例えば、会社を設立するのは、日本では費用さえあればなんとかなりますから。


よそと共用の証明書だから無料というサービス


Cloudflare や Google Firebase だと、無料プランで割り当てられるTLS証明書は、よそと共用です!


つまり、
証明書の一般名(Common Name ; CN)欄に、よそのドメイン名も一緒にずらーっと並びます。


通信の暗号化はされるものの、もはや、よそのどこの馬の骨ともわからないのと一緒くたにされ濫発された証明書なので、サーバの信頼性なんてないに近くなってしまいます。


通信が暗号化される、というメリットだけは享受されますが。


特定のサーバにしか割り当てられないから無料

Let's Encrypt だと、特定のサーバに、そのフルドメイン名(FQDN)でインターネットから到達可能かだけをドメイン認証し、そのサーバ専用の証明書を発行します。


例えば、blog.example.com を運用して、そこに証明書を発行してもらったら、そのサーバ専用。example.com に発行したわけではないし、www.example.com にも使えません。
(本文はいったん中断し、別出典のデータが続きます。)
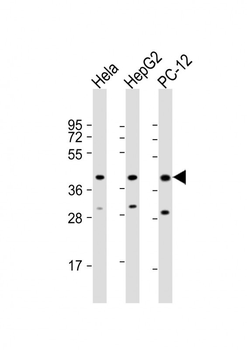 MAPK14 Antibody (Y323)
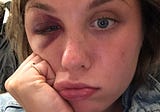 I Got a Black Eye and It Taught Me a Thing or Two About Sexism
有料なら低価格でも、www. 付き、無しの両用が普通


最も低価格な有料証明書でもたいていは、www.example.com と example.com というように両方使える証明書が発行されます。


有料なら、同じ証明書に複数ドメイン発行してもらうことも可能


価格はその分はあがりますが、例えば example.com と www.example.com だけじゃなくて、blog.example.com や www2.example.com を追加してって言ったら、追加してもらえます。


有料ならワイルドカード証明書もある


それなりに高価にはなりますが、*.example.com のような証明書(ワイルドカード証明書)もあります。
www.example.com だろうが hogehoge.example.com だろうが、同じ証明書で使えます。


この手は、muragon もそうですが、ユーザに任意のサブドメインを発行して利用させる通信事業者にとってはとっても便宜です。



というように比べてみると、やっぱり、

  • 無料は暗号化が主目的で、サーバの信頼性はあまり証明されていない
  • 無料は不便

ということがいえます。


そうなると、無料で証明書がとれる時代になっても、TLS証明書ビジネスは決して滅ばないことがわかります。